* **ACTIVITY**: When you transcribe the data below, reproduce every line exactly and leave each picture out.

* **AVAILABLE DATA**:
════════════════════

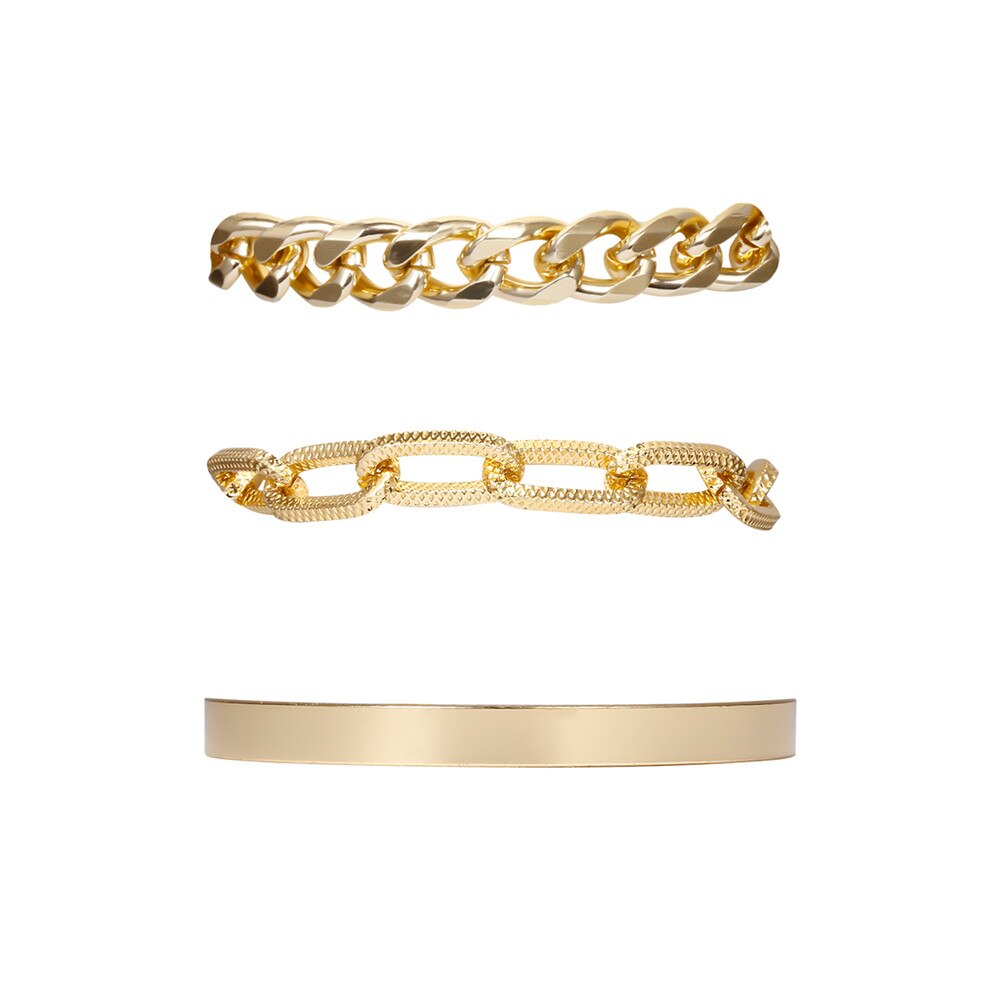 3 Stks/partij Chunky Ketting Legering Brangle Armband Voor Vrouwen Gouden Pols Ketting Armbanden Set Vrouwelijke Boho Verklaring Armband Sieraden: Gold
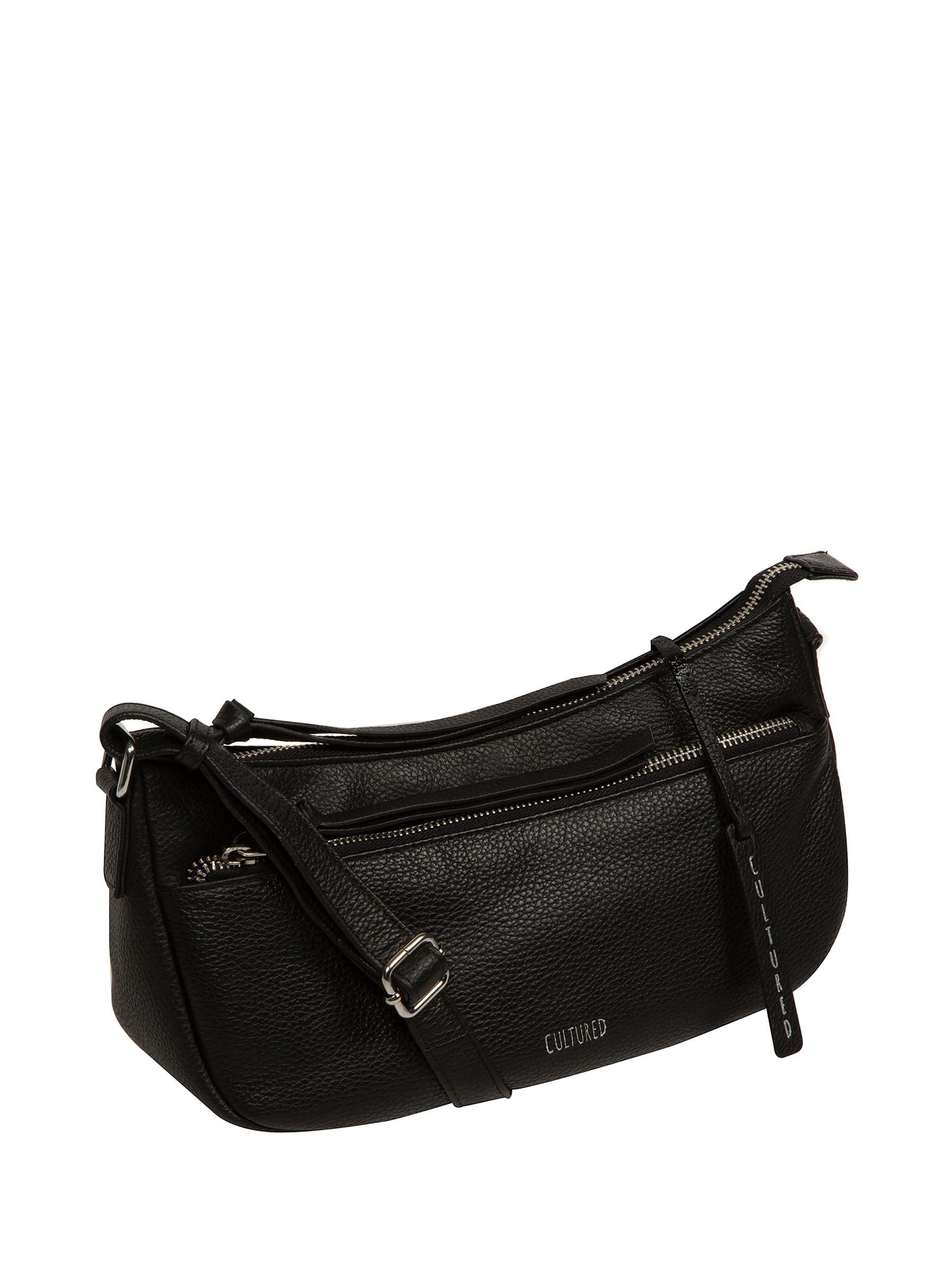 Cultured London black Elowen leather crossbody bag - British product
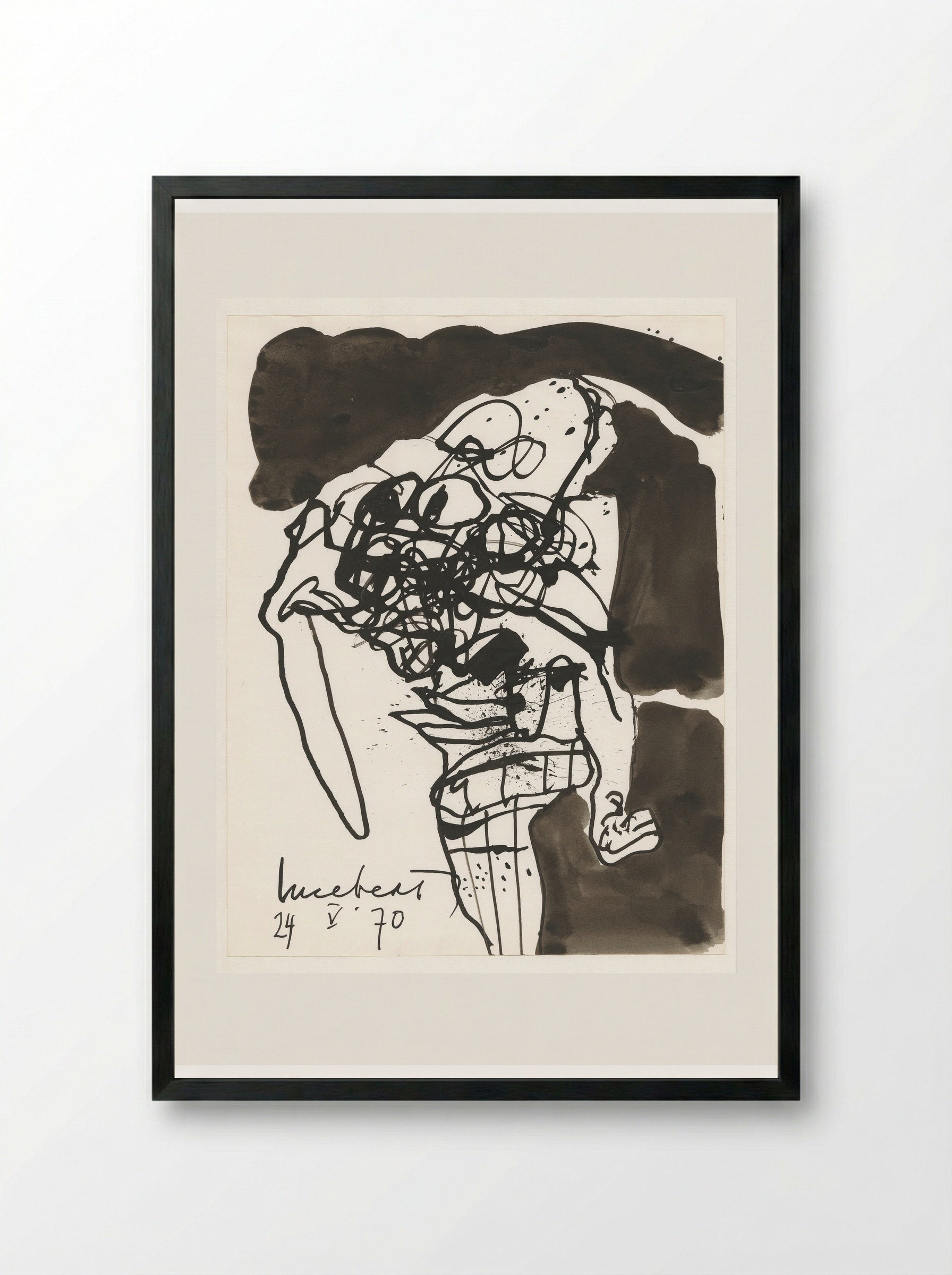 Figuur tegen zwarte achtergrond - Lucebert - Framed Print Black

════════════════════

* **SOLUTION**:
 3 Stks/partij Chunky Ketting Legering Brangle Armband Voor Vrouwen Gouden Pols Ketting Armbanden Set Vrouwelijke Boho Verklaring Armband Sieraden: Gold
 Cultured London black Elowen leather crossbody bag - British product
 Figuur tegen zwarte achtergrond - Lucebert - Framed Print Black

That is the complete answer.